The Healing Space of my Office: Analysis as Performance Art

Henry Abramovitch

Need for a New Paradigm: Analysis as Performance Art

Most discussions of the analytic process focus on a number of key topics: the importance of the therapeutic relationship; making the unconscious, conscious, especially through dreams; the transference-countertransference matrix; the process of individuation and other theoretical formulations basic to analysis. While I believe understanding the therapeutic process is important, so, too, I believe, is the effect of the concrete therapeutic space, the office in which healing takes place (Abramovitch 1997, 2002, 2015, 2020a). I believe a paradigm shift is needed to conceptualize analysis as a special form of dramatic performance art, in which the focus is more on what we actually do and less on how we understand it. Looking at psychotherapy as a performance art allows one to focus on often neglected aspects of the therapeutic situation. Instead of moving from theory to clinical example, the emphasis would be on the dramatic aspects: entrances and exits, when to speak and when to stay silent, giving the same interpretation in ten different ways, being simultaneously the actor and the audience, but above all, being masters at improvisation. Thinking of analysis as a kind of performance art places a spotlight on the therapeutic space as a  stage setting. We know the power of healing places from pilgrimages, dream incubation rituals, voyages into nature and other numinous sites (Abramovitch 2021). Likewise, I argue that how an analyst’s office is decorated is inherently part of the healing process; a badly arranged space can undermine it.

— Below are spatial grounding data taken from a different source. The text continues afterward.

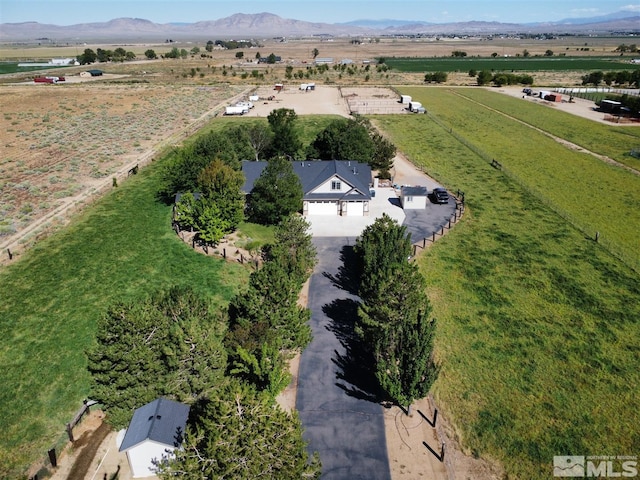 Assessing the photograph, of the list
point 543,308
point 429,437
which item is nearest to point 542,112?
point 543,308

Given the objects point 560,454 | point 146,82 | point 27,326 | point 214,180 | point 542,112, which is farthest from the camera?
point 146,82

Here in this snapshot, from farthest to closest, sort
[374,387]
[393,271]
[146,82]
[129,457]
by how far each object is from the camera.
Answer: [146,82] < [393,271] < [374,387] < [129,457]

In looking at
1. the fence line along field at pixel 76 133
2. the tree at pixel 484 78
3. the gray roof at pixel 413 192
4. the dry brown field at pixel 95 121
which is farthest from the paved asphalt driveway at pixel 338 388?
the tree at pixel 484 78

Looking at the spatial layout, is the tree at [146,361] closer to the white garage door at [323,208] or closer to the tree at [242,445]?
the tree at [242,445]

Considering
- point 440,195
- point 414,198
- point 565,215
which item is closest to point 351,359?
point 414,198

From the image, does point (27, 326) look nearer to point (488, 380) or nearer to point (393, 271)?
point (393, 271)

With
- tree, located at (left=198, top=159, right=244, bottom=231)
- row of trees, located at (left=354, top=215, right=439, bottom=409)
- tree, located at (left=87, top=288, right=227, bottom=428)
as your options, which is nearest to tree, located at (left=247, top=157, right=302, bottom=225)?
tree, located at (left=198, top=159, right=244, bottom=231)

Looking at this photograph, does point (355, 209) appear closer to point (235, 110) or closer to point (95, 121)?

Greater attention is needed by our healing spaces.

In this article, I want to examine my own therapeutic space, against the background of the offices of Freud and Jung and the work of Mark Gerald (2019), a psychoanalyst-photographer who photographed hundreds of the offices of psychoanalysts. I will describe not only the interior room where the actual healing dialogue occurs, but also the “approaches”, the transitional spaces that patients walk through en route to the office.

Temenos Lost

I first became aware of the importance of my office space as an integral part of a healing process when I first moved there. I went from a small cozy room in my apartment, to a large sunny office in a distinctive ‘Jerusalem style’ building complete with high ceilings, enormous bay windows, and beautiful ceramic floor tiles. (Abramovitch 1997).

I wanted to provide a feeling of continuity for patients by recreating in the new space as much as possible the ‘feel’ of the previous one. But my chairs, table and rug, which had filled the old space, took up only a corner of the now much larger room.